- EXERCISE DESCRIPTION:
Retype the records in full, and please keep the pictures out of the copy.

★ ★ ★ ★ ★

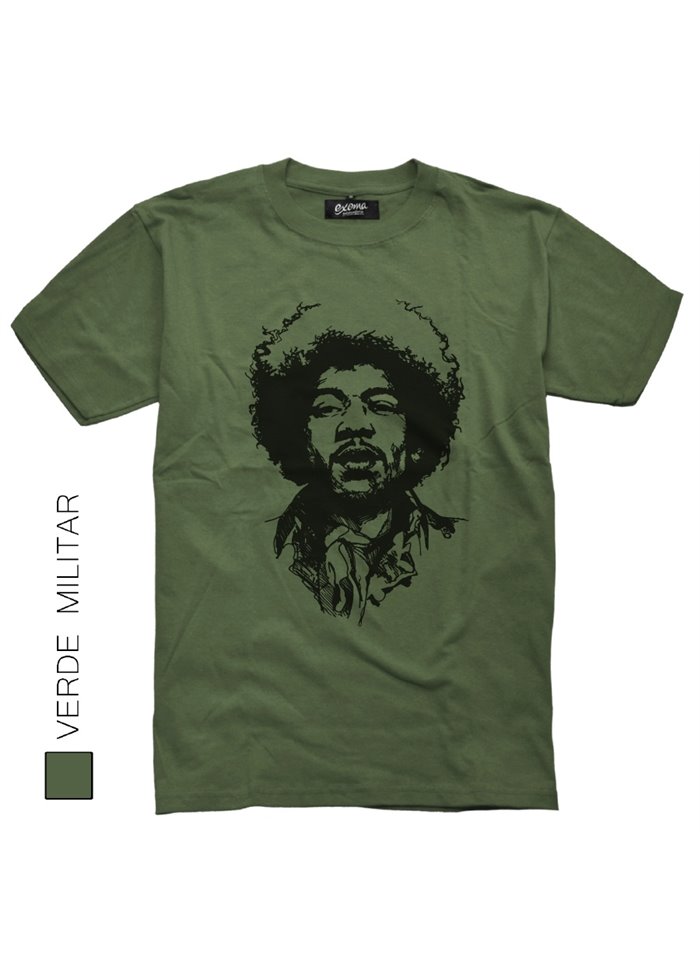 Jimi Hendrix 07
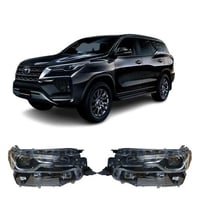 شمعات تويوتا فورتشنر 2021 - 2024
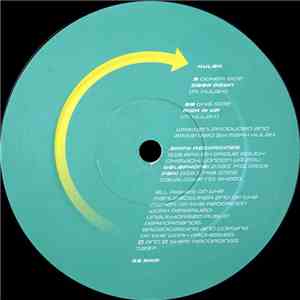 Kulak - Deep Down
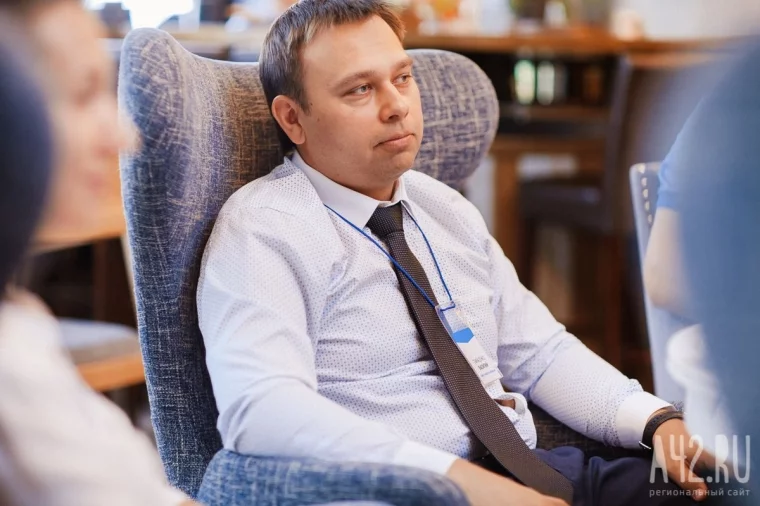 Василий Тарасенко, руководитель адвокатской конторы, медиатор «Центра защиты и медиации»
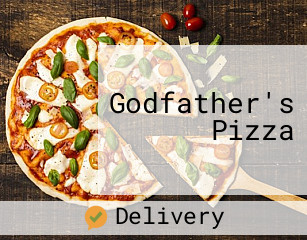 Godfather's Pizza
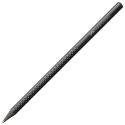 Faber-Castell Grip Designbleistift BLACK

★ ★ ★ ★ ★

- EXERCISE OUTPUT:
 Jimi Hendrix 07
 شمعات تويوتا فورتشنر 2021 - 2024
 Kulak - Deep Down
 Василий Тарасенко, руководитель адвокатской конторы, медиатор «Центра защиты и медиации»
 Godfather's Pizza
 Faber-Castell Grip Designbleistift BLACK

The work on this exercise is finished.